DM: What is Louis routine on a playing day?

“Before he plays a round I look at areas susceptible to stress, areas that we have identified as being important to keep an eye on. I bring him back into alignment where necessary. This usually takes 15 minutes”

“Louis then undertakes his exercise routine that Kevin has designed specifically for his body type and potential problem areas. This takes another 15 minutes.”

“After a round I once again check the key areas as these can repeatedly present as problematic. I go through my soft tissue work as well as mobilisations that are required.”

DM: As with any client/practitioner relationship rapport is very important.

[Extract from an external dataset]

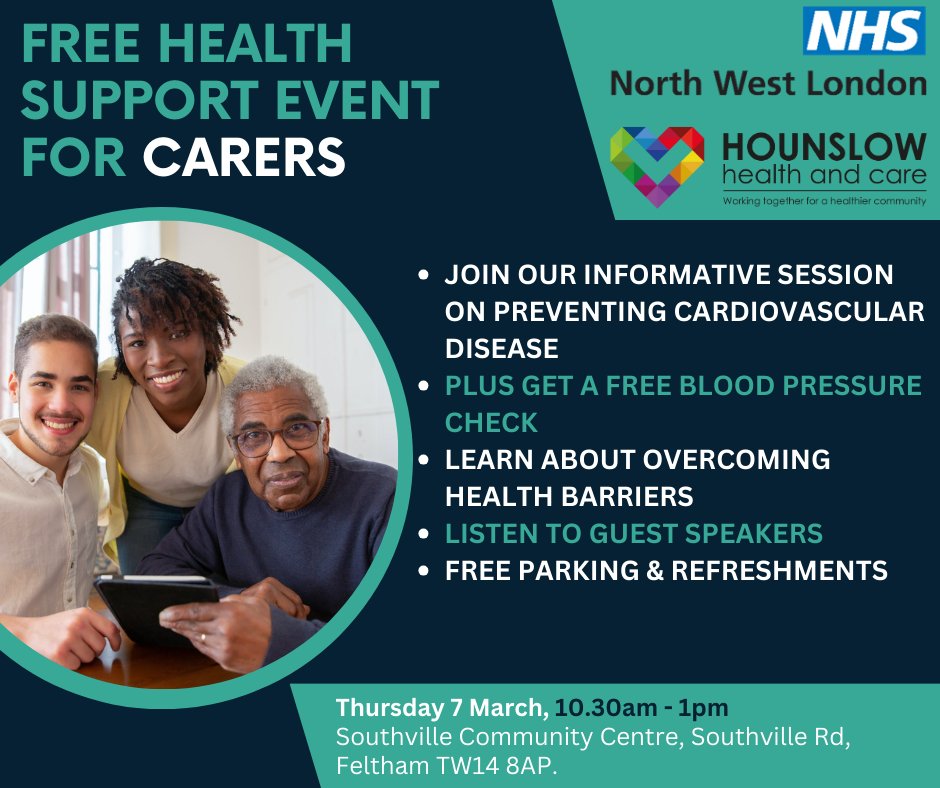Are you a #carer in #Hounslow? Come along to the Carers’ Engagement meeting on Thurs 7th March at Southville Community Centre, organised by the Hounslow Borough Based Partnership (@HealthierNWL & Hounslow Health and care teams). Email carers@hounslow.gov.uk to book your place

“I feel rapport is a very important factor that determines which players work with certain practitioners. I feel that the matching of personalities with rapport is very important.”

“It is very important in the decision making process when both parties are deciding if they are able to work together.”

DM: How are you in delivering tough or bad news?

“I am very honest but I try to deliver any potential bad news sensitively. It’s crucial to be able to adapt to different personalities, cultures (I met so many different people from around the world in the UK), performances and age ranges.”

“Someone may come to me who has missed the cut whilst the next person may be leading the tournament. They will have different energies that I will have to be aware of and manage accordingly.”

“I take my job very seriously and my aim is to always have the best interests of the client at heart.”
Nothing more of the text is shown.